Ferrous-Solitaire/docs/testing-architecture.md

# Testing Architecture — Engine-first Validation

Ferrous Solitaire validation is split into three layers with clear ownership:

1. **Rust unit tests (`solitaire_core`)**
   - move generation and legality
   - deal generation determinism
   - scoring and penalties
   - undo semantics
   - win detection

2. **Engine integration tests (`solitaire_wasm` debug API)**
   - autonomous game execution without UI/pointer simulation
   - invariant checks after every move
   - deterministic seed replay
   - high-volume seeded runs (including long-running soak tests)

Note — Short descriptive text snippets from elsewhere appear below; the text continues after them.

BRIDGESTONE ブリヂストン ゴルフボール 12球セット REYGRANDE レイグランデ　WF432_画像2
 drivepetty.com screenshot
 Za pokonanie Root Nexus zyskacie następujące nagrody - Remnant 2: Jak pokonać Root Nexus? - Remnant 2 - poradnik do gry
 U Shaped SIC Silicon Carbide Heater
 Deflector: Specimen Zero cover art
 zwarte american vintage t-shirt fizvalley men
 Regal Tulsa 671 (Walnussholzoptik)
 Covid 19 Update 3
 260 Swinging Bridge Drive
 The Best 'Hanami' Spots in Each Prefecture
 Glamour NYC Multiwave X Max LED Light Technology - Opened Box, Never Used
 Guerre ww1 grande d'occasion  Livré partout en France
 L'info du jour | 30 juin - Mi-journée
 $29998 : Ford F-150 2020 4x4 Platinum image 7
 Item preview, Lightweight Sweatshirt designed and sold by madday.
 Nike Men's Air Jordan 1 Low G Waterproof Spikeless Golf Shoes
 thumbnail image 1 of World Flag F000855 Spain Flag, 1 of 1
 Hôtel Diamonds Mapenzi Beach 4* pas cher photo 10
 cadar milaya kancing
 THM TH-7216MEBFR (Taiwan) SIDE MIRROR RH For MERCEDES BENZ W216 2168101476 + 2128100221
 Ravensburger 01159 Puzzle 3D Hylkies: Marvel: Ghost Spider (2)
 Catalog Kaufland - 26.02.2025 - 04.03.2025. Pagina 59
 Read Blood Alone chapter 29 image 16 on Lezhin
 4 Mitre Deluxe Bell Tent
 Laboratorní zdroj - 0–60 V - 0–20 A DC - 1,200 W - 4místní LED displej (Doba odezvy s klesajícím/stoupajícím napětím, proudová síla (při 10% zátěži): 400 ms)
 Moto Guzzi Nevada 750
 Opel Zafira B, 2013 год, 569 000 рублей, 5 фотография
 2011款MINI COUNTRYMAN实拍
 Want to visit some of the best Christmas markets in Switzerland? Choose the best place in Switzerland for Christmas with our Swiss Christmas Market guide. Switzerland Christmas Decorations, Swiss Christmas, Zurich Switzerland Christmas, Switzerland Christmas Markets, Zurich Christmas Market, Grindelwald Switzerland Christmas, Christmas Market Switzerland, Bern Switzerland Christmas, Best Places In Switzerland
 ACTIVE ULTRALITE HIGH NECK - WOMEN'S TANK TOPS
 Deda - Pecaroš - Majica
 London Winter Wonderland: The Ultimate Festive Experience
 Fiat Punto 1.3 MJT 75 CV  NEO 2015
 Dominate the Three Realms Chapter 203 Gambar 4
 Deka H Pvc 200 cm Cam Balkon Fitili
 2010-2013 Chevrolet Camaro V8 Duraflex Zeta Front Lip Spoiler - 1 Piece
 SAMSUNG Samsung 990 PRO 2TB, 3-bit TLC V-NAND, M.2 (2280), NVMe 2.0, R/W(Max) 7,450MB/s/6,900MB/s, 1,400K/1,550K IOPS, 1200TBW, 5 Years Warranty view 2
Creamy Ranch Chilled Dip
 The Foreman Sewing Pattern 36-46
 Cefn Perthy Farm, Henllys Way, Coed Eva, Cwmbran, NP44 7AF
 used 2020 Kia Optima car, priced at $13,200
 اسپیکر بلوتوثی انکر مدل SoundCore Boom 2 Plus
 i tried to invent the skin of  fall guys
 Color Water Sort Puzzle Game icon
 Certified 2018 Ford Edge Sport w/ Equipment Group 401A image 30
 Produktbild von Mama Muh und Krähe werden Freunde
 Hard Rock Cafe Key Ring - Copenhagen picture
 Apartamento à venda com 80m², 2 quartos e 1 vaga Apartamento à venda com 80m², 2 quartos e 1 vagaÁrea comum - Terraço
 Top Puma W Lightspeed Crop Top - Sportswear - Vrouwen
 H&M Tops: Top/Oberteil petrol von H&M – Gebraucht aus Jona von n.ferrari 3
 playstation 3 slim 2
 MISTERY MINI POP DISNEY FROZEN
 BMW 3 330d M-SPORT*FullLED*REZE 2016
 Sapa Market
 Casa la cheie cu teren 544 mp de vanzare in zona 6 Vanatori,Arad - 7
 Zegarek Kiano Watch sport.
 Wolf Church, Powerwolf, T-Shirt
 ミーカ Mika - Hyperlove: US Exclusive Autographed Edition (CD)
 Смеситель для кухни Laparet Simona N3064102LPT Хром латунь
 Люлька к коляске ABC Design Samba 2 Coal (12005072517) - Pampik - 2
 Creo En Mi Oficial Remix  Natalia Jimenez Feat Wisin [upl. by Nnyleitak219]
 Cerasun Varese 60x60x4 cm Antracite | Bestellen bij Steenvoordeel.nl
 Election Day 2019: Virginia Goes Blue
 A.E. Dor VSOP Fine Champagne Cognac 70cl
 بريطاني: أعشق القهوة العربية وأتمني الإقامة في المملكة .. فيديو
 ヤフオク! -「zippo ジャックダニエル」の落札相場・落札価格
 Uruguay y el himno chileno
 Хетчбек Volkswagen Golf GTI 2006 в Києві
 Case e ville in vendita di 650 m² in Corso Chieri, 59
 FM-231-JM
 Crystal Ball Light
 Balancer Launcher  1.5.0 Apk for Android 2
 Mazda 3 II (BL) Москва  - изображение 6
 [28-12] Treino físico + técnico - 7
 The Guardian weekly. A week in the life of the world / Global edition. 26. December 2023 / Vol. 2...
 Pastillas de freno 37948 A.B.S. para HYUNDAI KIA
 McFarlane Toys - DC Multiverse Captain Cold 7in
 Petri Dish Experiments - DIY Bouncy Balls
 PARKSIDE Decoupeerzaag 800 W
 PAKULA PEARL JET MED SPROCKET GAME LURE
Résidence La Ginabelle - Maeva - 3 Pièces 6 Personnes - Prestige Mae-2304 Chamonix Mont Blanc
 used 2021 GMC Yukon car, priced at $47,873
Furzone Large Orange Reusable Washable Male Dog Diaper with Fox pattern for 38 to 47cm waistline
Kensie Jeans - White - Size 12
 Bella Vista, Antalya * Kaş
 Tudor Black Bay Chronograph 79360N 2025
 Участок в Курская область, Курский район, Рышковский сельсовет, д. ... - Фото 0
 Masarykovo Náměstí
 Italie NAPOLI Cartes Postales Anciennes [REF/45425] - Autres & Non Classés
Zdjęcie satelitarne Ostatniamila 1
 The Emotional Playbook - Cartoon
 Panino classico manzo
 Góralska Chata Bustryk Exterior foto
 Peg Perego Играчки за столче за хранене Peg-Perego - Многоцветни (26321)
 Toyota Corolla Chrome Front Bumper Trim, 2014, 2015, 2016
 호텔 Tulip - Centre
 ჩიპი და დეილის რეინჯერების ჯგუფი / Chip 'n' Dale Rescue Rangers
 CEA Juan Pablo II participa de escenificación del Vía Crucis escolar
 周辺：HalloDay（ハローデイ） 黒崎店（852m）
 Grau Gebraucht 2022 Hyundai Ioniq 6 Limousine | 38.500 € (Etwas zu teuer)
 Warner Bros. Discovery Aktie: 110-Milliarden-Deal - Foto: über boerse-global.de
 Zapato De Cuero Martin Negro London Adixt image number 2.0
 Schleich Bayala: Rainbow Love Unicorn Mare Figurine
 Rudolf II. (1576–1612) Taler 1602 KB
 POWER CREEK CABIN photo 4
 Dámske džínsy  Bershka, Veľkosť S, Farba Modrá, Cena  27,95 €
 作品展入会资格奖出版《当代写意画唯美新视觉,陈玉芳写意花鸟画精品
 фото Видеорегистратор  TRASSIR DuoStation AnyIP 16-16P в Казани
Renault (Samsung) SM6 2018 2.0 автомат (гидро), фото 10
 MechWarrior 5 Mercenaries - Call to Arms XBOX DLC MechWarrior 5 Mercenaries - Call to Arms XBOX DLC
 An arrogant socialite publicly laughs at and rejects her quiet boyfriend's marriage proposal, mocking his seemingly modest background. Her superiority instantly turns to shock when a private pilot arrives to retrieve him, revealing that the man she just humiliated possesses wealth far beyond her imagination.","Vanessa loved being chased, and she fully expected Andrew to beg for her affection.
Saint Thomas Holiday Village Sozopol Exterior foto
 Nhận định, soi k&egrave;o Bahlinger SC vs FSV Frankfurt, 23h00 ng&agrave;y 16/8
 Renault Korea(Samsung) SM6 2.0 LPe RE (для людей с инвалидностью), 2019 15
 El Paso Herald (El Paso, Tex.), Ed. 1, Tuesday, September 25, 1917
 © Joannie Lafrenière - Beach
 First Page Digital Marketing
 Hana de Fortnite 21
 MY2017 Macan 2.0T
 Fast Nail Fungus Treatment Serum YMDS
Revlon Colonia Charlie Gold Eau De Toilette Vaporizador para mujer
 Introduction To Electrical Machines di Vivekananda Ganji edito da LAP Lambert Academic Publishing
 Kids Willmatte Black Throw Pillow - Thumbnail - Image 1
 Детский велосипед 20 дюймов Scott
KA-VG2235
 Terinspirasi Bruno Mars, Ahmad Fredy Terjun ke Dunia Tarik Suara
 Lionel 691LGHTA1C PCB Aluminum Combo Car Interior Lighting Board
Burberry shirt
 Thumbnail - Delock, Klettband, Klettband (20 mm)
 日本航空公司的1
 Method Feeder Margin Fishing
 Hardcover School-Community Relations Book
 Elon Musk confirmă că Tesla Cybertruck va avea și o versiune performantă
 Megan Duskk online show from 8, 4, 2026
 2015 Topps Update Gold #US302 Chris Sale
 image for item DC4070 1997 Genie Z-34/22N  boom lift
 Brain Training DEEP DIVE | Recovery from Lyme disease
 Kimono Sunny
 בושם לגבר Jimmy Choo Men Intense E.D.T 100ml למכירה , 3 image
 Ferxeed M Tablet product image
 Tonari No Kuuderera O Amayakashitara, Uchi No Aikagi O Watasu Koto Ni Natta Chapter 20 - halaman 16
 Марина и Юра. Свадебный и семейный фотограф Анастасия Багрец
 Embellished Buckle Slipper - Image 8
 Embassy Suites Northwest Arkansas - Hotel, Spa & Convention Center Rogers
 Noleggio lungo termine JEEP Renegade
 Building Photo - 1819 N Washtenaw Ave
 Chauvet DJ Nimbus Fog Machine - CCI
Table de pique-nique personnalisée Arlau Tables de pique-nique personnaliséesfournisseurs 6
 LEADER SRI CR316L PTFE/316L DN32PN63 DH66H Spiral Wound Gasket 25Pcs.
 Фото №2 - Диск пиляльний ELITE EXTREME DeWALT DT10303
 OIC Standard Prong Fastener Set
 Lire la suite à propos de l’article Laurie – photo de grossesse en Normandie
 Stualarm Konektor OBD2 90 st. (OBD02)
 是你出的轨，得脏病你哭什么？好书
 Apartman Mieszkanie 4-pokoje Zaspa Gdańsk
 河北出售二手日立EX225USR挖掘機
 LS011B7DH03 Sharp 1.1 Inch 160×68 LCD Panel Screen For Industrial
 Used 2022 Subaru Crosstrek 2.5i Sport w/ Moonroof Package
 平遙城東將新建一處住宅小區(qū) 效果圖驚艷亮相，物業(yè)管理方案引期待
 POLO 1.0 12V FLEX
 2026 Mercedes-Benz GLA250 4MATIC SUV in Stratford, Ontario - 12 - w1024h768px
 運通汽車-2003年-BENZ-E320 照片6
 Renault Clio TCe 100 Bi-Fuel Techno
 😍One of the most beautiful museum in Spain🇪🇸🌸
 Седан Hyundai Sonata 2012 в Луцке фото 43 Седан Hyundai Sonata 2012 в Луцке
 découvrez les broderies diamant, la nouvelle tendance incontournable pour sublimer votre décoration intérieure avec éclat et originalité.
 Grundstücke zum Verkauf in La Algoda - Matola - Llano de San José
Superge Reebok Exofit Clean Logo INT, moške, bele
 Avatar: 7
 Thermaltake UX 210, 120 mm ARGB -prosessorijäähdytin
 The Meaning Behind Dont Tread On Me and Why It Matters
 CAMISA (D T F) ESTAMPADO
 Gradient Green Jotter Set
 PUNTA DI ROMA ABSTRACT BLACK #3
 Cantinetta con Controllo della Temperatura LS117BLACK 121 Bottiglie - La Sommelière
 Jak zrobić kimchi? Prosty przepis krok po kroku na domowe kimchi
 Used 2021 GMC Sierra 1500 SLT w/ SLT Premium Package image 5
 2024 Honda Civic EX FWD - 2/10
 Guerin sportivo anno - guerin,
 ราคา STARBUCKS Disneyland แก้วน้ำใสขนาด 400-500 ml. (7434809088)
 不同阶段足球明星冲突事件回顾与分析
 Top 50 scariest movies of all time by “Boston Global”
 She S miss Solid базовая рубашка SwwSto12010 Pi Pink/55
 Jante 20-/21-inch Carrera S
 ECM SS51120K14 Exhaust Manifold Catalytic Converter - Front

3. **Playwright UI tests**
   - verify rendering vs engine state
   - drag/drop and keyboard UX behavior
   - responsive layout behavior
   - browser-compatibility checks

## Source of truth

The Rust engine is authoritative. Browser tests must interact with the game via
debug API hooks, not via pixel/OCR solving or hardcoded screen coordinates.

## Debug API surfaces

Two automation surfaces are exposed:

- `solitaire_wasm::SolitaireGame` methods:
  - `debug_snapshot()`
  - `debug_legal_moves()`
  - `debug_move_history()`
  - `debug_apply_legal_move(index)`
  - `debug_apply_move_json(json)`
- Browser bridge on `game.html`:
  - `window.__FERROUS_DEBUG__.snapshot()`
  - `window.__FERROUS_DEBUG__.legalMoves()`
  - `window.__FERROUS_DEBUG__.moveHistory()`
  - `window.__FERROUS_DEBUG__.applyLegalMove(index)`
  - `window.__FERROUS_DEBUG__.applyMove(move)`
  - `window.__FERROUS_DEBUG__.failureReport()`
  - `window.__FERROUS_DEBUG__.runAutoplay(options)`

## Required failure payload

Every automation failure should capture:

- seed
- move history
- current game state
- screenshot
- browser trace
- console logs

`failureReport()` provides the engine-side fields (`seed`, `moveHistory`,
`currentState`) so UI harnesses only need to attach browser artifacts.

## Execution guidance

- Fast verification:
  - `cargo test -p solitaire_core -p solitaire_wasm`
- Full verification:
  - `cargo test --workspace`
  - `cargo clippy --workspace -- -D warnings`
- Long unattended soak:
  - `cargo test -p solitaire_wasm debug_api_autonomous_thousands_seed_soak -- --ignored`

### Browser e2e harness

The Playwright suite lives under `solitaire_server/e2e/` and boots
`solitaire_server` via Playwright `webServer` config.

- Install + run:
  - `cd solitaire_server/e2e`
  - `npm ci`
  - `npx playwright install chromium`
  - `npm test`
- Cycle metrics batch run:
  - `cd solitaire_server/e2e`
  - `npm run review:cycles -- --games 1000 --steps 350 --policy baseline --max-visits 1 --out /tmp/cycle-baseline.json`
  - `npm run review:cycles -- --games 1000 --steps 350 --policy loop_aware --max-visits 2 --out /tmp/cycle-loop-aware.json`
  - `npm run review:cycles:regression` (thresholded gate, writes `test-results/cycle-regression.json`)
  - `npm run review:cycles:candidate` (loop-aware candidate run, writes `test-results/cycle-candidate.json`)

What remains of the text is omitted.